Gary Yohe, Tribune News Service
Extreme weather events are now among the most destructive ever experienced. Climate and weather disasters in the United States since 2010 have averaged $80.2 billion in economic damage with 521 lives lost per year. But the reality is, that number is going up. Between 2015 and 2019, annual damages averaged $106.3 billion with 772 lives lost.
None of this is news to people who have been impacted by extreme weather and to scientists like me who have been paying close attention to these troubling trends. For decades, variable climate trajectories have wobbled along their trend lines as atmospheric concentrations of carbon dioxide resulting from human activity have increased since 1955 to produce seven of the hottest 10 years in history since 2010.

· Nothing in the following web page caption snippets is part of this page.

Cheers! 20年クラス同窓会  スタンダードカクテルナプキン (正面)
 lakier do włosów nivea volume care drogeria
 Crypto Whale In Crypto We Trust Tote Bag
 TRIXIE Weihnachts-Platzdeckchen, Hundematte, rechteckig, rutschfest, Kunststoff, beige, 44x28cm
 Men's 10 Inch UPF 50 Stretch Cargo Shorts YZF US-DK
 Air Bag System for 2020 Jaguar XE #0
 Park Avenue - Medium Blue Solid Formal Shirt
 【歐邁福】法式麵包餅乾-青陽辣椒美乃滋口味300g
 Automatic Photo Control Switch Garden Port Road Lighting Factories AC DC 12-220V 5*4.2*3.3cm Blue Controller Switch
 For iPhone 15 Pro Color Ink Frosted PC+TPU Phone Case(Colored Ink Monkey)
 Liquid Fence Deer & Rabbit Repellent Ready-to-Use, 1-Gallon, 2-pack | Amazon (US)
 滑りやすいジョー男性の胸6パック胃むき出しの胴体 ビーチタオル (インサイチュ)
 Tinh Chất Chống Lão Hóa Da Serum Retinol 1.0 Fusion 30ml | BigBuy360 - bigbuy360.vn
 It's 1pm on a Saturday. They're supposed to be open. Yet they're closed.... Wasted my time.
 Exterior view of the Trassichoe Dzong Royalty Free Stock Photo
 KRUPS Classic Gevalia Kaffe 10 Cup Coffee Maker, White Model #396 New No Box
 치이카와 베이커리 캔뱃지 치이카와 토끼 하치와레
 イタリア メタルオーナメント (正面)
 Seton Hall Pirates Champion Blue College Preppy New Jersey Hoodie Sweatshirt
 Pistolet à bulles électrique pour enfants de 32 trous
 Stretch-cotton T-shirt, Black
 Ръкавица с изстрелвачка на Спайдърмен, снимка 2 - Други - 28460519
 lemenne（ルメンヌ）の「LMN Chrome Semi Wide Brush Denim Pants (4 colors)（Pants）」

We’re starting to see these impacts manifest themselves in the weather we’re seeing, and the science is now telling us that something new and even more threatening is afoot. It is called “regressing toward the tails” — a very technical but very important new development.
What is it? It is the increasing tendency that extreme events caused by climate change never seem to be as bad as they could have been. While that doesn’t sound like cause for alarm, what it really means is that it is ever more likely that the next extreme weather event — be it fire, flood, drought or heat wave — will be even worse than anything that we have previously experienced. So as a result of climate change, the most damaging impacts we’ve seen so far is becoming the new normal while Mother Nature keeps upping the ante.
Take a look at the worst wildfire year in California’s history: 2017. As of Dec. 22, 2017, 9,270 fires had burned 1,548,429 acres, but this year has topped that. As of Oct. 2, more than 7,900 fires had already burned 3.6 million acres with two months left in the fire season. In fact, the largest wildfire in California history has been joined since August by the third, fourth, fifth and sixth largest of all time, and they are still burning.
During the last few weeks, the California wildfires have most frequently been caused by thousands of dry lightning strikes born of monsoon winds from Tropical Storm Fausto off the coast of Mexico. The strikes repeatedly hit drought-ravaged and tinder-dry forests during a near record heat wave. The northern part of the state is experiencing the perfect storm of these five conditions that all lie on the extreme tips of their independent frequency distributions.
Things are not just getting worse. They are also getting harder to control, prevent and predict. Human behaviour used to be the usual cause California fires, meaning future threats could be mitigated by taking strong proactive action against future events. But this year, residents can only retreat from the harm as quickly as possible and hope that the climate will change back. But the climate will not change back, and where can they go? As we continue to see, the COVID-19 pandemic is confounding evacuation efforts.
The science community has been studying these weather events closely and has developed a growing understanding of what is really going on, but we are now challenged to communicate that knowledge clearly to the general public and lawmakers.
There are at least four problems in this regard. First, people often mistake weather for climate. Second, they really don’t care whether next year will be a warmer or cooler than this year. Third, they find it difficult to internalize signal from noise along long-term trends. And fourth, they are very familiar with pendulums.
What’s the problem with pendulums? They give people a false sense of predictability and a misguided sense of stability. People are used to being mesmerized by stationary ones, but the climate is dynamic. The climate pendulums are no longer returning to equilibrium at their lowest points in their arcs. Why? Because their pivot points are moving and accelerating in a dangerous direction (the long-term trends) so that the swinging weights of the pendulums are blowing by their historical limits into some very dark extremes.